Aim of the exercise - Each line from the one with "2015款马自达Mazda6" through the final line of the entries below must be printed exactly, and the pictures must not be.

(Data entries)
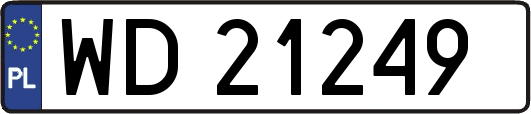 WD21249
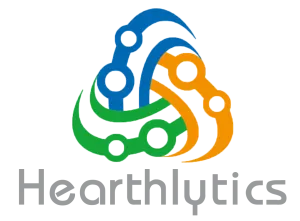 Team Hearthlytics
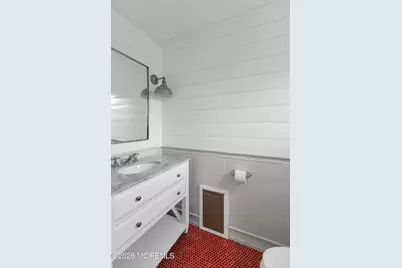 564 Lake Avenue, Bay Head, NJ 08742 - Photo 20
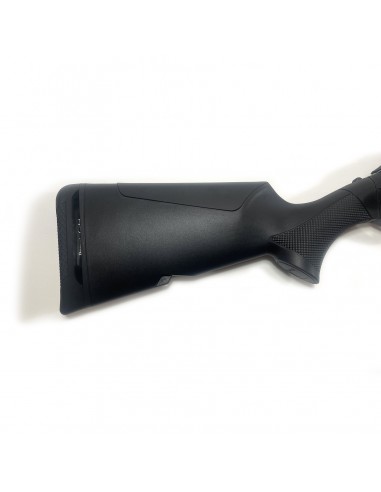 Repetierbüchse Benelli Lupo Cal. 6,5 Creedmoor Repetierbüchse Benelli Lupo Cal. 6,5 Creedmoor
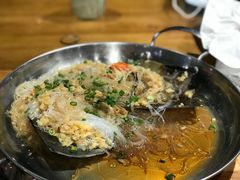 -盒马鲜生(曜一城店)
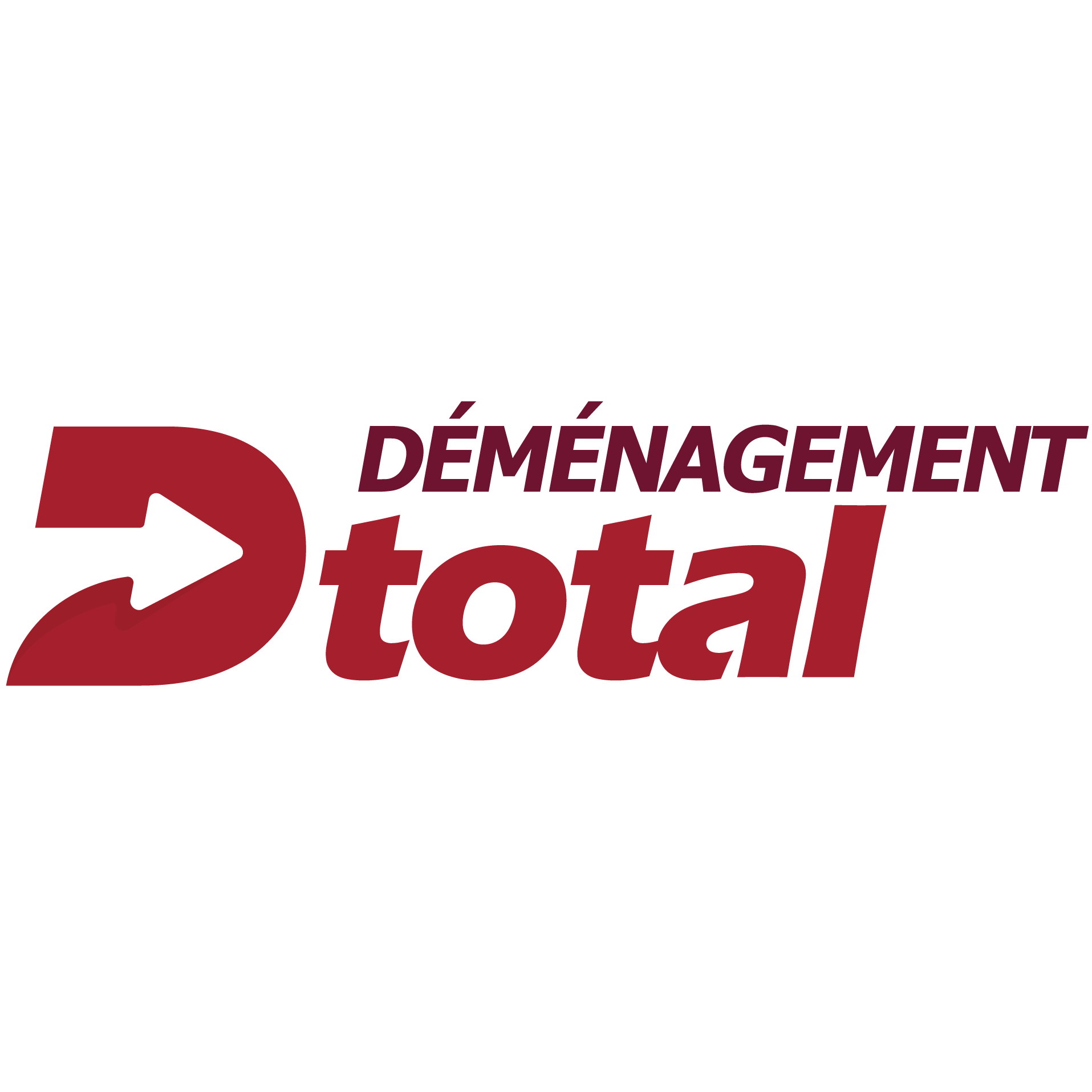 Image for Déménagement Total with ID of: 6642811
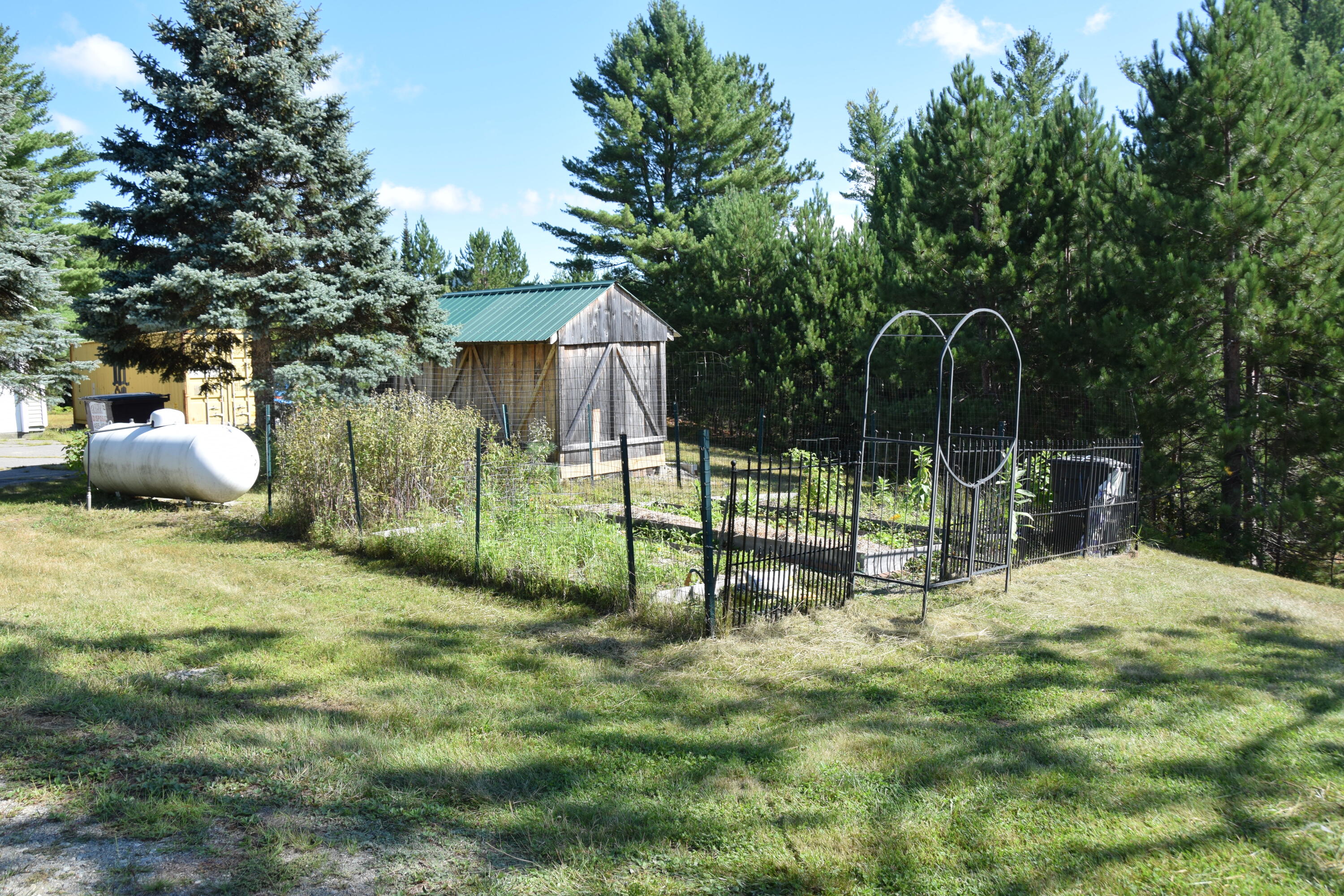 71 Birch Road New Portland, ME 04961 - Photo 47 of 100 DSC_0025
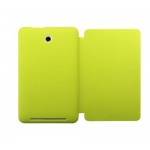 ASUS HD7 PERS.COVER YG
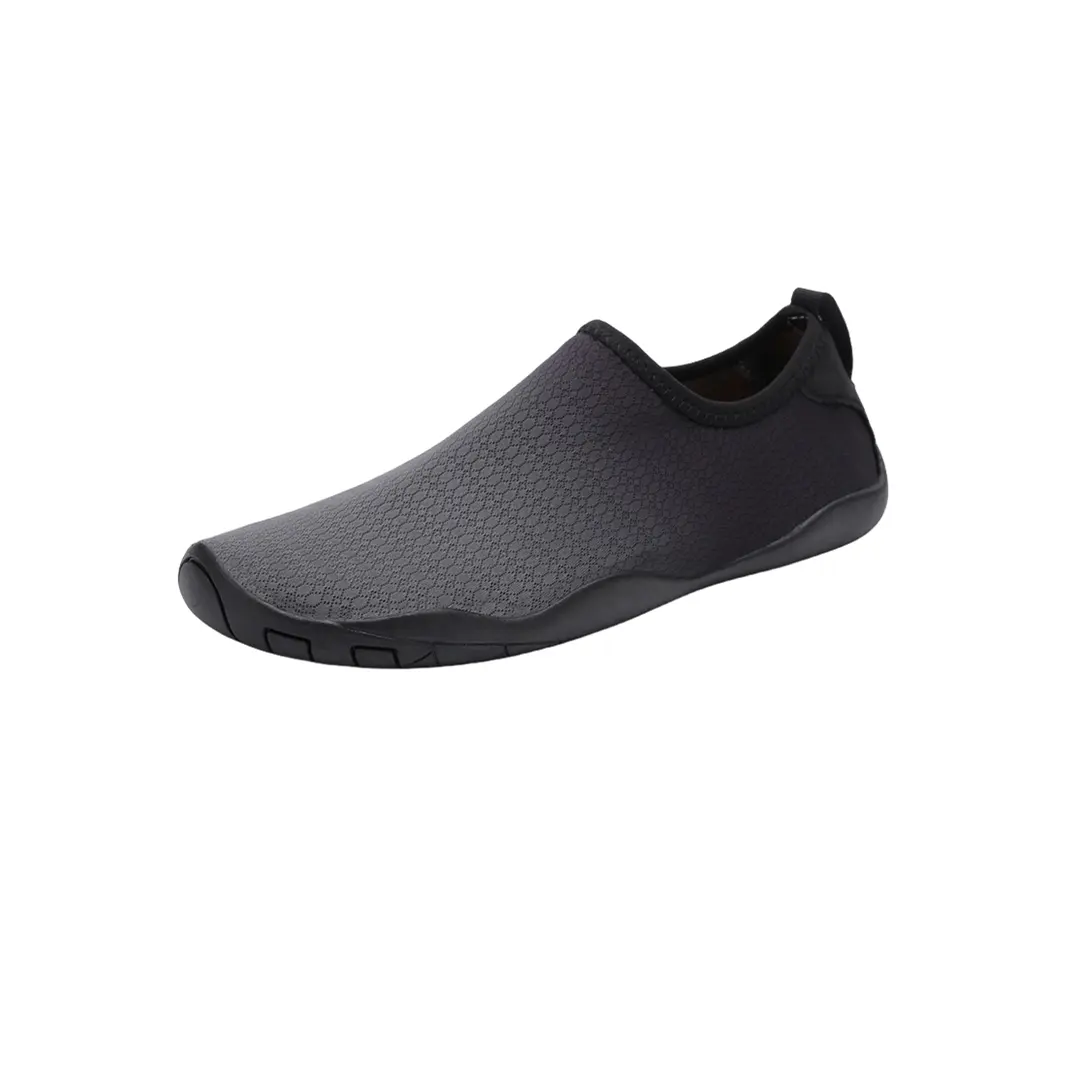 

Кроссовки треккинговые унисекс Outdoor Performance Shoes Unisex Low-Top Abcfjg, цвет A07 navy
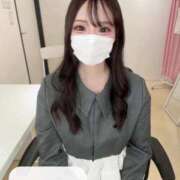 ヒメ日記 2026/04/26 11:15 投稿 三浦　ゆうり 現役ナースが精液採取に伺います 梅田店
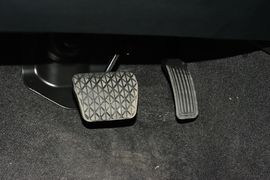 2015款马自达Mazda6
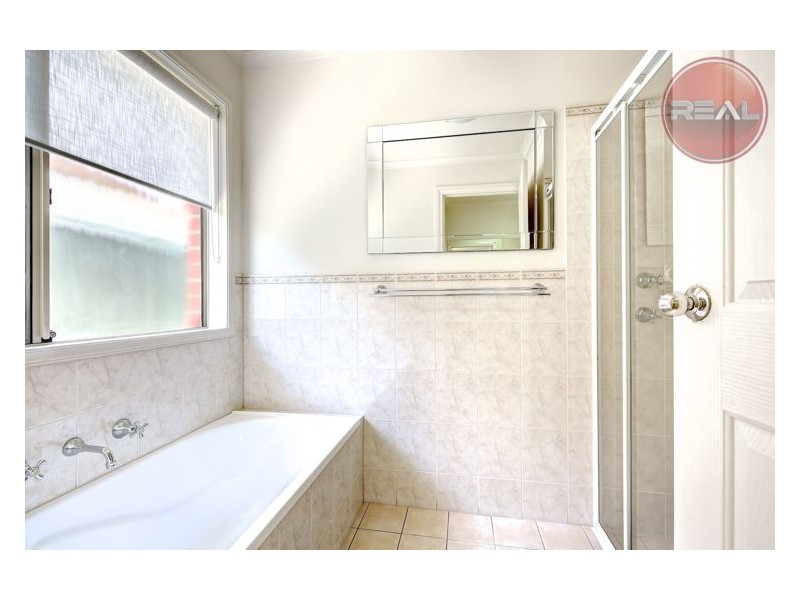 27 Gemini Drive, Munno Para West SA 5115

Your solution -
 2015款马自达Mazda6
 27 Gemini Drive, Munno Para West SA 5115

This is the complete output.